If boxing were cinema, Khan (34-6, 21 KO) would be the Jackass franchise. And as anyone who knows me understands, that is the single highest honor I can bestow upon someone. You can have your Citizen Kanes and your Casablancas and your 12 Angry Men. Take em’. They’re all yours. Just leave me the Beehive Tetherball stunt from Jackass 3D and we’ll both go home happy. Sure, Shakespeare wrote some decent comedies but he never came close to writing anything as funny as “Is Butterbean OK?” 

Art and entertainment exist on two separate planes, and the point at which they intersect is coincidentally located on Amir Khan’s chin.

If you’re reading this I assume you like boxing. I guess I do too. Sort of. But if you know who holds what alphabet belt or which fighter is with which promoter or, god forbid, how purse bids work, then buddy, you and I do not like this sport in the same way. If you want to make something as awesome as dudes punching each other feel as boring as filing your taxes while a Tool album plays in the background, be my guest. But do me a favor and leave me the fuck out of it. You worry about network ratings and PPV buy numbers and us cool people will revel in the predictably unpredictable insainty of fighters like Amir Khan who deliver both hilarity and brutality in equal doses. It’s pure, it’s uncut and it’s fun as hell.

Khan is, if nothing else, an emotional exhibitionist. Both in and out of the ring, he simply cannot refrain from drawing attention to his own shortcomings. His public airing of personal laundry feels almost pornographic in its shamelessness. What most folks would be hesitant to tell their closest confidants, Khan tweets out for all the world to see. There’s a thin line between lovable, heart-on-your-sleeve vulnerability and ostentatious psychological debasement and Khan couldn’t find it with a map. That’s why we love him.

Inside the ropes, Amir Khan fights play out like the best Jackass stunts. You see the setup, you know the outcome, you watch it unfold in real time and yet the payoff is exhilarating. 

“Holy shit, they’re gonna rock that dude in the nuts and it’s gonna be awesome.”

Which they did, and it was.

The book, so to speak, has been out on Khan since Breidis Prescott comically mummified him back in September of 2008. Since then, there have been big wins and even bigger losses but every opponent who stared across the ring from Khan in the ensuing 13 years has had the same thought; tap his chin and the fight is yours. 

This had to be what was going through Kell Brook’s head as he made his way to the ring Saturday night at the Manchester Arena in Manchester on an ESPN+ televised card.

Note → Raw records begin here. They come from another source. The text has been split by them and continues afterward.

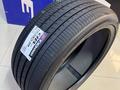Yokohama 2026 Advan dB v555 235/40R19 96W за 60 000 тг. в Алматы – фото 3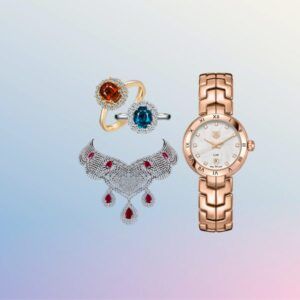 - Tradedubai.ae Wholesale B2B Market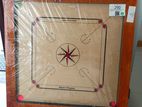 Carrom Board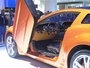 2007_giugiaro_mustang_05.jpg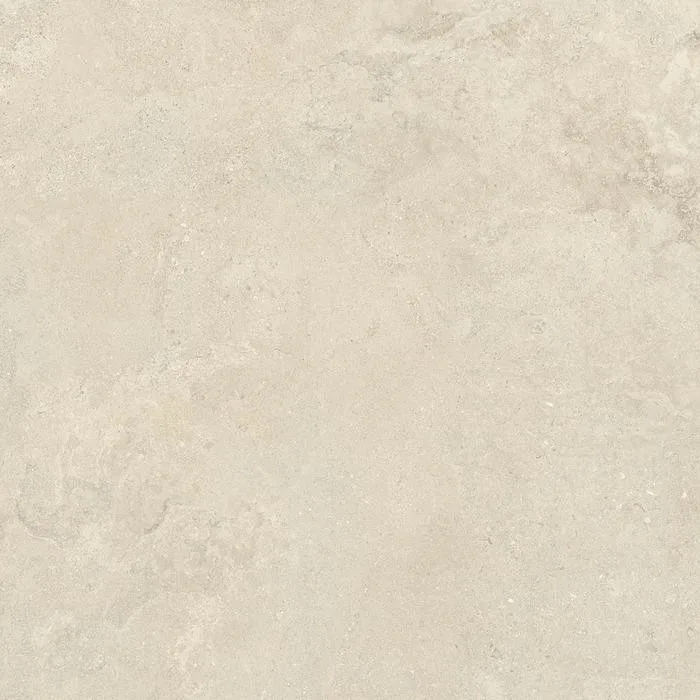 Stoneplay Mayenne Beige Strutturato RT 100x100 RD7H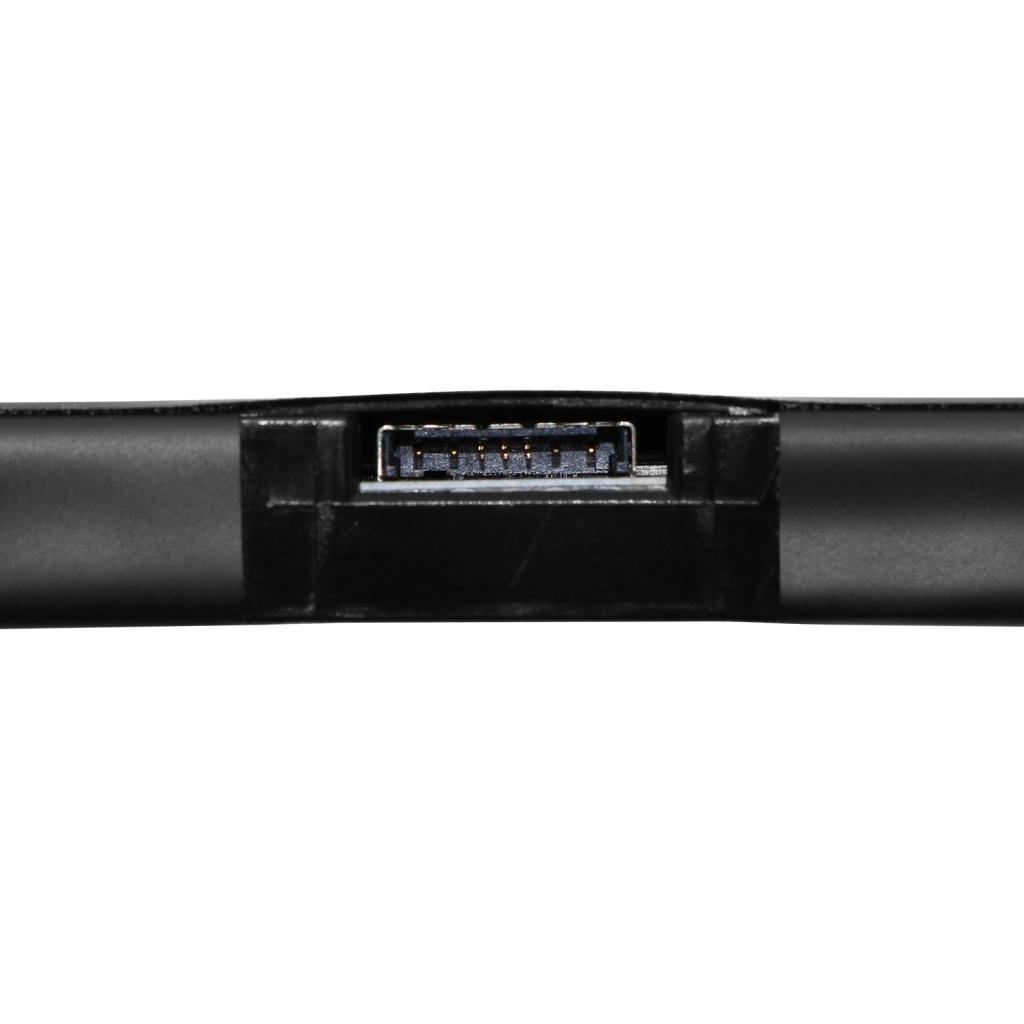 Batteria notebook Asus ROG Flow X16 GV601RE-M5057X (CS-AUX160NB)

Brook (40-3, 28 KO) and Khan have been circling each other for the better part of a decade. The Sam and Diane will-they-won’t-they dance finally come to pass, albeit when both were 35 years old and waving to their primes from a disappearing shoreline. Nonetheless, two of the biggest stars in British boxing were finally going to meet and both were dragging a burlap sack full of physical ailments to the ring with them.

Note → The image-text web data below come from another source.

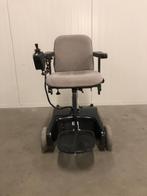 Elektrische rolstoel Miniflex, Diversen, Rolstoelen, Ophalen of Verzenden, Gebruikt, Elektrische rolstoel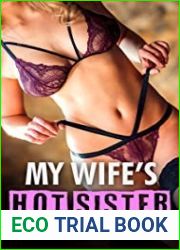 My Wife|s Hot Sister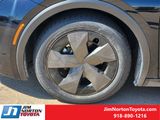 Used 2023 Toyota Prius Hatchback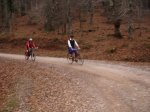 bici soplao 2.jpg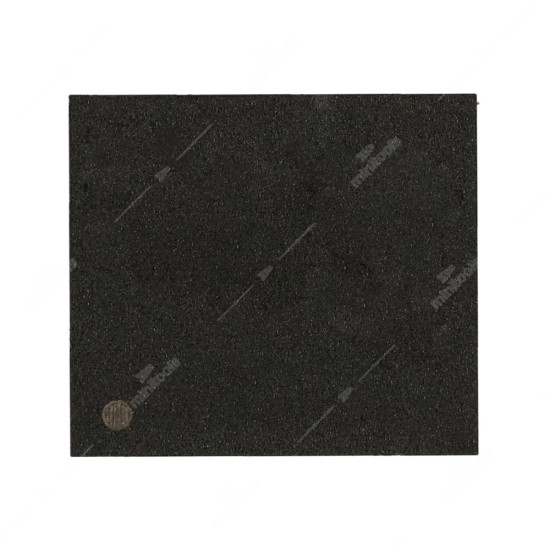 Memória Flash MTFC4GMCDM-1M WT TFBGA Memória Flash MTFC4GMCDM-1M WT TFBGA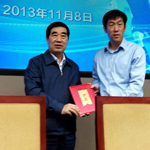 �ߺ鲨�¿� �ߺ鲨˴�����Ļع�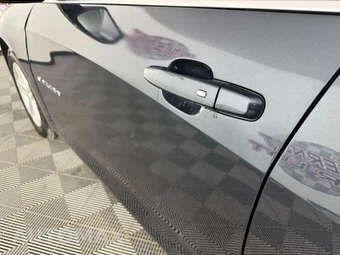 2020 Chevrolet Malibu LS 1LS - miniatura 24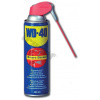 TRIUMF Sprej WD-40 system Smart Straw 450 ml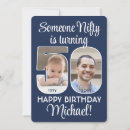 Zoek naar fifty uitnodigingen Elk persoon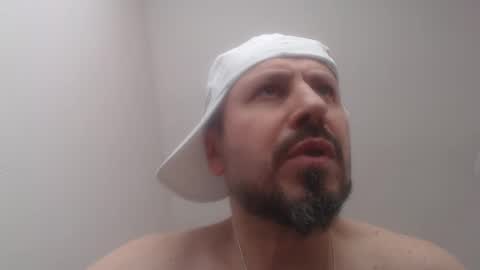 hayal758 online show from 7, 2, 2025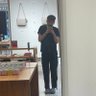 gabichuelo ͛ profil fotoğrafı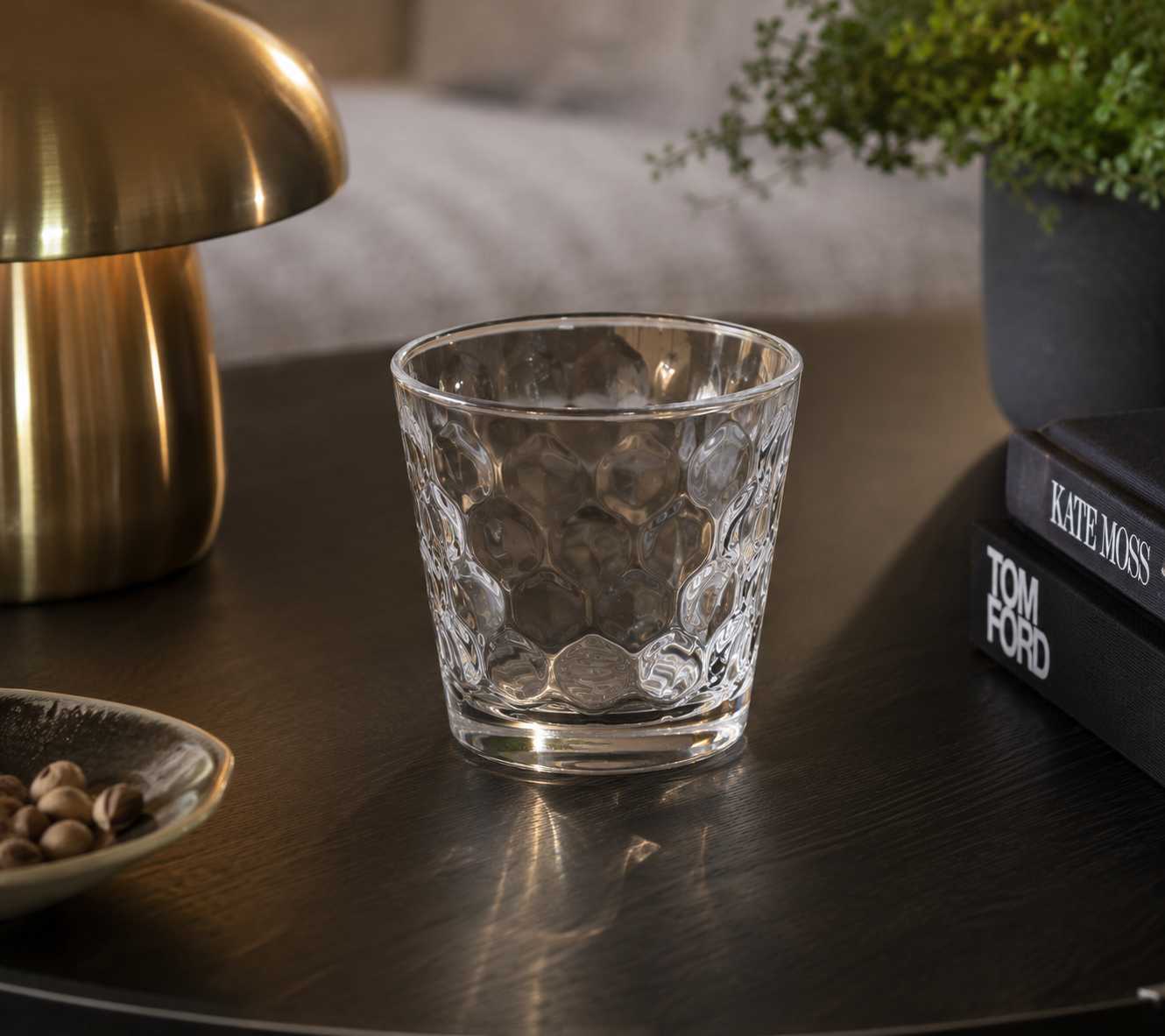 product image - 4 - main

Would Brook’s scotch-taped-together eye sockets hold up against Khan’s quicker hands? Would Khan’s papier-mâché chin and 31 months of ring rust do him in against a hungry Brook? It wouldn’t take long to get an answer. 

As the two fighters made their way to the ring*, the stakes of this grudge match started to sink in. Barring some kind of late career renaissance, one of these two delightful bastards would likely not be an active prizefighter come morning. For a perceived “seniors tour” type of fight, there would be very real repercussions.

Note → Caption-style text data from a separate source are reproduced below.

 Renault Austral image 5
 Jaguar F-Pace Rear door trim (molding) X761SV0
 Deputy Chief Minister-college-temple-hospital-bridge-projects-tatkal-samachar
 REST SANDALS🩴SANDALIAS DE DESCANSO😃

*Fun Fact: When two UK fighters are squaring off, they have an Austin Powers impersonation contest to determine who gets to walk out to Sweet Caroline. The Brits are a mostly criminal class but they’re sticklers for the rules.

Once the opening bell finally rang, it took about 90 seconds for the thing that everyone knew would eventually happen to, you know, happen. A short right hand from the outside by Brook gave Khan ants in his pants and my friends, it was ON. For the rest of the round Brook followed Khan around the ring like a barfly chasing a waitress for a drink at last call.

Have you ever seen those videos of a giraffe being born and attempting to walk right when they come out? That’s what watching Amir Khan getting punched is like. Except, you know, always. His legs go berserk in a desperate attempt to communicate with his brain while his arms flail like they’re fending off a swarm of imaginary bees. All the while, Khan himself is as much an observer to this process as we are. 

For all his vast physical gifts and in-ring IQ, Khan never learned how to tie his opponent up or even to take a knee. He gets tagged and his mind stays awake long enough to watch his body slowly descend to the sunken place. You practically set your watch to it once the first big shot lands.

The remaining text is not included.